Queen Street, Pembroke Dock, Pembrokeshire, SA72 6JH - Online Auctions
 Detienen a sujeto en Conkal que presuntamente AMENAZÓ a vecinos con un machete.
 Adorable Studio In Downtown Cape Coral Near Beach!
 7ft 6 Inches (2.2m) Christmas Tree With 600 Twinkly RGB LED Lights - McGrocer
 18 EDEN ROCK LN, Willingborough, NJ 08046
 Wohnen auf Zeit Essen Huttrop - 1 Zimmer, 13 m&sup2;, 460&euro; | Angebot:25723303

◆ Task to complete ◆
Recopy the entries above exactly, with every line included.

◆ Written response ◆
Queen Street, Pembroke Dock, Pembrokeshire, SA72 6JH - Online Auctions
 Detienen a sujeto en Conkal que presuntamente AMENAZÓ a vecinos con un machete.
 Adorable Studio In Downtown Cape Coral Near Beach!
 7ft 6 Inches (2.2m) Christmas Tree With 600 Twinkly RGB LED Lights - McGrocer
 18 EDEN ROCK LN, Willingborough, NJ 08046
 Wohnen auf Zeit Essen Huttrop - 1 Zimmer, 13 m&sup2;, 460&euro; | Angebot:25723303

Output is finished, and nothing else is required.